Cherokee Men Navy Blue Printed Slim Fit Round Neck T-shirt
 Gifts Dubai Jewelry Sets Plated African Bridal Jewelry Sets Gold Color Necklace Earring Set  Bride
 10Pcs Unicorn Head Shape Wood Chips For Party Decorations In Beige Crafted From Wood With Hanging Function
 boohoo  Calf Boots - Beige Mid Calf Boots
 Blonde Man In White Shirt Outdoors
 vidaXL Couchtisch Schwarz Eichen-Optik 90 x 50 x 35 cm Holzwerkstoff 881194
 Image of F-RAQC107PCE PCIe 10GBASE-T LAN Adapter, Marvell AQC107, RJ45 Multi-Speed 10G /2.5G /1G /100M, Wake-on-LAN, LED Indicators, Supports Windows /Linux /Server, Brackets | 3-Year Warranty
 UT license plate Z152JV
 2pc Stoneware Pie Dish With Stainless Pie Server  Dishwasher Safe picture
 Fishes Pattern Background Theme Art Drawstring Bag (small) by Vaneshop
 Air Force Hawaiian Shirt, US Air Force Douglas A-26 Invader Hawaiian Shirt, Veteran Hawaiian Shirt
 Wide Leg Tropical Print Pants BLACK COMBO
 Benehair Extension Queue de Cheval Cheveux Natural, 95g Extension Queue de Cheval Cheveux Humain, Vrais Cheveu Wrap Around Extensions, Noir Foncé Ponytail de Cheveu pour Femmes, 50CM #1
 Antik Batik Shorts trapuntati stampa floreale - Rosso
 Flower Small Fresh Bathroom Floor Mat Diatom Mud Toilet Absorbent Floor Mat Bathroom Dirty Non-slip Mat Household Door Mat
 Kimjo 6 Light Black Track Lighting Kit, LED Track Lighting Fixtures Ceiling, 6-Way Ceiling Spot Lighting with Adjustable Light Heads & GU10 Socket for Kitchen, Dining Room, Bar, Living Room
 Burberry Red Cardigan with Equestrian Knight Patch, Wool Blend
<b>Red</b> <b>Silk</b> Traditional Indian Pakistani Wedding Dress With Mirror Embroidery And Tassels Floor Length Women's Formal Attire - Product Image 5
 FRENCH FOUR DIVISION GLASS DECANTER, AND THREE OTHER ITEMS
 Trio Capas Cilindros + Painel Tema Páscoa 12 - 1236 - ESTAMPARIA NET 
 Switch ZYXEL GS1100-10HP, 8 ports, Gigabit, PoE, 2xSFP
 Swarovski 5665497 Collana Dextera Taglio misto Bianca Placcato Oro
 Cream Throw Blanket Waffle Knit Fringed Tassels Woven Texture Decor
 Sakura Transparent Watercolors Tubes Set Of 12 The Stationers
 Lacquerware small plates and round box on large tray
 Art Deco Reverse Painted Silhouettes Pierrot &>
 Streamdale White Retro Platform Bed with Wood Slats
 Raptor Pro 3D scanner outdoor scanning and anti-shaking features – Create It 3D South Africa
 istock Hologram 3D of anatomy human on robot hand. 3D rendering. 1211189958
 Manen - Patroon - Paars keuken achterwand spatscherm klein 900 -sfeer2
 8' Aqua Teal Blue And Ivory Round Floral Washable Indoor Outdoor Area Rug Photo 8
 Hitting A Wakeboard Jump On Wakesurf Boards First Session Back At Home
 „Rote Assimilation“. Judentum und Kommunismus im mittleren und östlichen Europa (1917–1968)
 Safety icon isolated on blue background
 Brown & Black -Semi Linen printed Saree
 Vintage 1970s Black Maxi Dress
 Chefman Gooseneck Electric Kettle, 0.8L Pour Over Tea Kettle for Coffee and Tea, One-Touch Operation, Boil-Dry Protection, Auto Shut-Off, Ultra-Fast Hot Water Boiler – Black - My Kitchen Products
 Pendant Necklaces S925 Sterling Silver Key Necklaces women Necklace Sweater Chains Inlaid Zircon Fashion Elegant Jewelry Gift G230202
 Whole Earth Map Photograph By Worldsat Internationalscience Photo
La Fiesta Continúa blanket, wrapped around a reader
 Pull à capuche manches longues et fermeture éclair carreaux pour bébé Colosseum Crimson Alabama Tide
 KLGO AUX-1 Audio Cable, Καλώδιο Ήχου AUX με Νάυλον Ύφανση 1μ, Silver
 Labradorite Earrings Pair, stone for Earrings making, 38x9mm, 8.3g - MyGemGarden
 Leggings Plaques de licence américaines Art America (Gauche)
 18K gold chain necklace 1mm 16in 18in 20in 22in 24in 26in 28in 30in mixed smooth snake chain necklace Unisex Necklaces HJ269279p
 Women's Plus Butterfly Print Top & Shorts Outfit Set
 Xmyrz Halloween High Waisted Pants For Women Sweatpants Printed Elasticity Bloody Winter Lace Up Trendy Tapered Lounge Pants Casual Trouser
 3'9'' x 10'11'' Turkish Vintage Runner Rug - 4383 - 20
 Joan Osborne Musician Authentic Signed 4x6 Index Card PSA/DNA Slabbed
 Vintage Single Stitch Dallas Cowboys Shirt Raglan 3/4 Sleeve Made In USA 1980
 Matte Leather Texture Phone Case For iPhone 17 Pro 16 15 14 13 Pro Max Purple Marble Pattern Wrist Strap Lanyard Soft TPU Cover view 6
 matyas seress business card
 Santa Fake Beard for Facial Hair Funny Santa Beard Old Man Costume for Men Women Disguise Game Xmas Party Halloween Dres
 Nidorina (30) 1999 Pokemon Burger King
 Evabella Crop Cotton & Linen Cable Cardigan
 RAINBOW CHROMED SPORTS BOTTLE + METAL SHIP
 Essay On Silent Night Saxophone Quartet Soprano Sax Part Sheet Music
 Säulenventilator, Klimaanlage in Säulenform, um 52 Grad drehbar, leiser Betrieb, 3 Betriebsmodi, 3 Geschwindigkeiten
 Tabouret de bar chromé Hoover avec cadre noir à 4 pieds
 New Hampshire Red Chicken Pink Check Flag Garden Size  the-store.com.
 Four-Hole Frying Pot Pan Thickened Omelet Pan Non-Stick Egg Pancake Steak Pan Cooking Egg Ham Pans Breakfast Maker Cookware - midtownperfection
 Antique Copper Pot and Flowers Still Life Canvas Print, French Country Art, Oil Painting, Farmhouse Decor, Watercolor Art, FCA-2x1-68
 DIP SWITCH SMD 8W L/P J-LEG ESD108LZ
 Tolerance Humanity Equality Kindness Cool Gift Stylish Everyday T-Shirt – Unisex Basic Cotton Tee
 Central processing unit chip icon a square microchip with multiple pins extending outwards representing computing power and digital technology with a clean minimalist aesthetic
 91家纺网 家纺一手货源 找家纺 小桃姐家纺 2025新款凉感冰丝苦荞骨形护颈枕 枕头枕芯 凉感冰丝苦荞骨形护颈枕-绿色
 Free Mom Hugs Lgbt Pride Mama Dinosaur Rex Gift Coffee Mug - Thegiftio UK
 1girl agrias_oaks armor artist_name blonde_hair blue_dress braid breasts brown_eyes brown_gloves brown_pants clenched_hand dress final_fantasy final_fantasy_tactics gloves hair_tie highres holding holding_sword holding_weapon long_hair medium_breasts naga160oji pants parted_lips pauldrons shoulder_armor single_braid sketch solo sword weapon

######

### Exercise goal
Work out how many lines above contain the word "Photo". Give only the number.

### Task solution
2